Happening To Be
|WHO:||Yinka Shonibare MBE, Trevor Robinson CBE, Ngozi Onwurah, Professor Andrew Ramroop OBE and Professor Ablade Glover OBE|
|WHERE:||Lethaby Gallery, Central Saint Martins College of Arts and Design, Granary Building, 1 Granary Square, King’s Cross, London, N1C 4AA|
|Open to the public:||Monday – Friday 10.00am – 6.00pmSaturdays 10.00am – 4.00 pm. (except – closed on 15 and 29 September.)|
|Private view:||17 October 2012, 6-8pm**by invitation only|
University of the Arts London (UAL) is proud to announce Happening to Be, its first ever exhibition showcasing the work of five distinguished artists, designers, and directors who ‘happen to be’ black.
The exhibition aims to inspire students, staff and the general public by celebrating the artistic achievements of some of the University’s black alumni.
Highlights of the Happening to Be exhibition, which is open to the public, include:
- A maquette of Nelson’s Ship in a Bottle by artist and Turner prize nominee Yinka Shonibare MBE, first unveiled on the fourth plinth in Trafalgar Square. Shonibare graduated in Fine Art at Byam Shaw College of Art in 1989, now part of Central Saint Martins College of Arts and Design.
- Four prints and a compilation of broadcast videos by multi award-winning creative director and philanthropist Trevor Robinson CBE, who is responsible for the infamous Tango soft drinks commercials [during the 90’s.]. Robinson graduated from Chelsea College of Art and Design.
- Newcastle-born filmmaker Ngozi Onwurah, best known for her BAFTA award-winning film and BBC drama Shoot the Messenger. Onwurah graduated in BA Film from Saint Martins School of Art, now Central Saint Martins, in 1987.
- Saville Row master tailor Professor Andrew Ramroop OBE, showing how his incredible craftsmanship and design acumen have made him renowned as one of Britain’s most highly-respected tailors.
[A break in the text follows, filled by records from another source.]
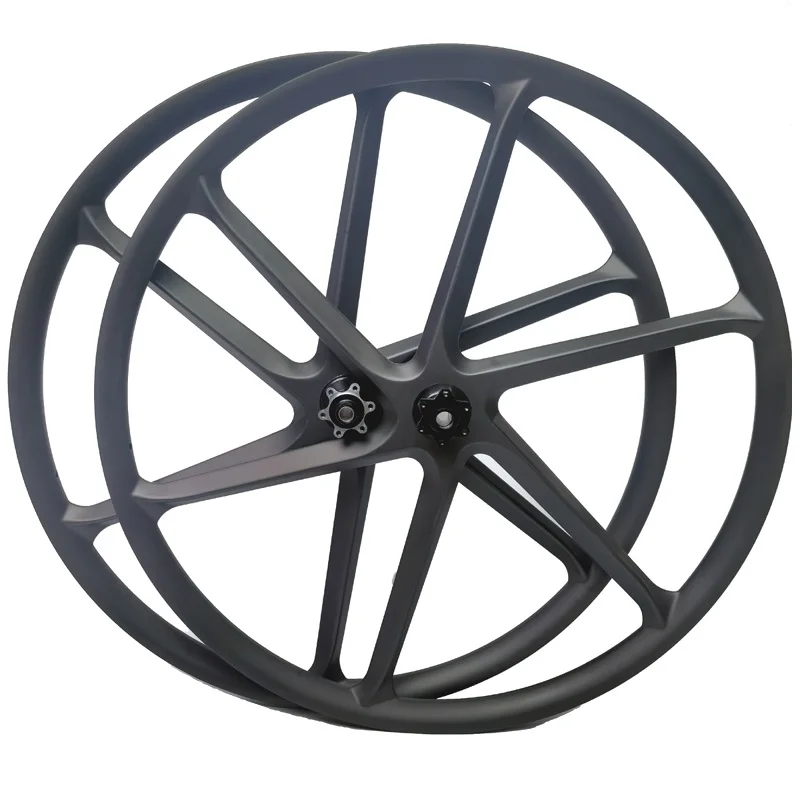 Jantes vélo en fibre de carbone Roue de vélo de course super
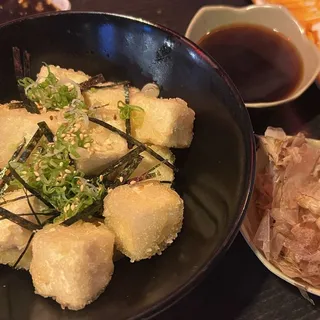 Agedashi Tofu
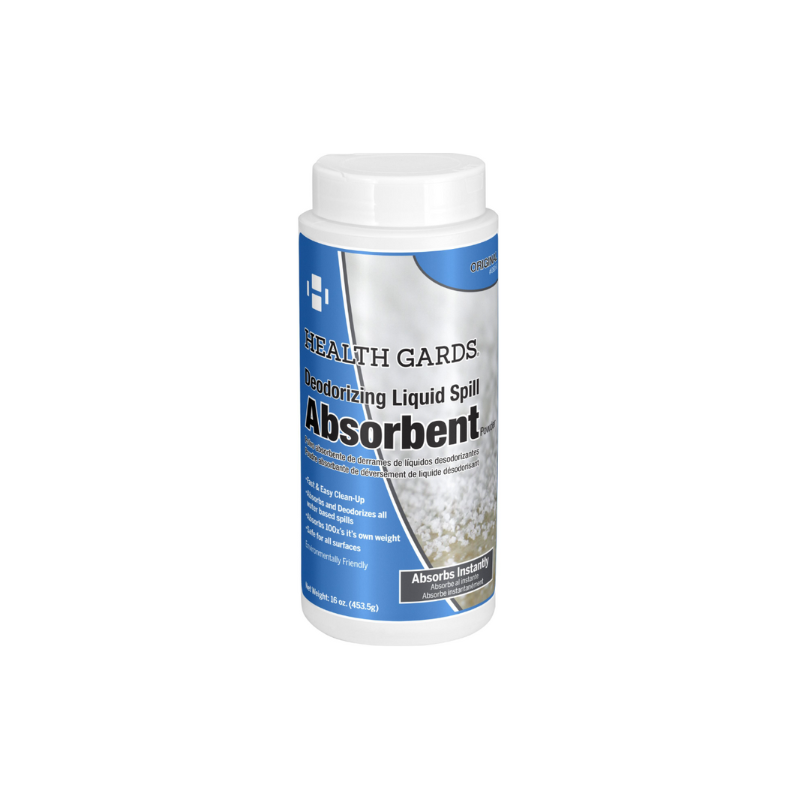 Nilodor® Liquid Absorbent Granules | 453.5g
Ramroop studied MA Tailoring at London College of Fashion, graduating in 1974.
- International artist and leading educator, Professor Ablade Glover OBE who studied Textiles at Central School of Arts and Crafts, graduating in 1962. Glover rose to become Dean of the College of Art at the Kwame Nkrumah University of Science and Technology in his homeland of Ghana.
Speaking about how the exhibition will challenge some of the ways we talk about race and identity, painter and exhibition curator Kimathi Donkor, said:
“Happening to Be’ has many possible associations, such as the colloquial term ‘happening’ – meaning of the zeitgeist. But the key notion is the ambiguous proposal that particular forms of ‘identity’ are purely incidental – as in, “She is great at her job, and just happens to be a woman/white/middle class/blind/43”. Are such identities ever purely incidental? How does swapping identities in such a sentence change its meaning?”
Speaking about equal opportunities for black and ethnic minority students, Yinka Shonibare MBE said:
“Colleges should actively seek to promote their college in a wider range of schools in minority areas.”
Professor Andrew Ramroop OBE added:
“I had to go the extra mile to prove my talent, as good was not good enough for a person of colour to succeed.”
University Dean of Students Mark Crawley says of the exhibition:
“We are incredibly proud that our black alumni have achieved the type of stellar success that ‘Happening to Be’ represents. But we are also keenly aware that, like most Higher Education institutions in Britain, we need to raise the average level of degree attainment among our black and minority ethnic students, which is significantly lower than that of white UK students.
“There is no disparity in talent but we need to find out why there is this disparity in achievement – this is why we are carrying out research. We are also proud to have the ‘Shades of Noir’ project which runs a range of staff, student, curriculum development, and creative and cultural sector industry engagement programmes. The University believes that greater awareness of the sheer breadth and brilliance of black achievement across the arts will help to raise expectations and broaden horizons.”
Project Manager Aisha Richards said:
“Just as the artists represented in this show have dedicated their lives to excellence in their work, so UAL, as Europe’s leading arts and design education institution, located in the world’s most ethnically diverse metropolis, is committed to providing higher education that thrives on diversity, equality and ambition.”
The Shades of Noir project is working with SUARTS (Student’s Union, University of the Arts) who will be holding their 3rd annual (open-submission) exhibition which exclusively features the work of Black students and graduates from UAL – this year it is titled Already Here. The exhibition will be taking place from 11th September – 27th October in the Window Galleries at Central St Martin’s College of Art and Design.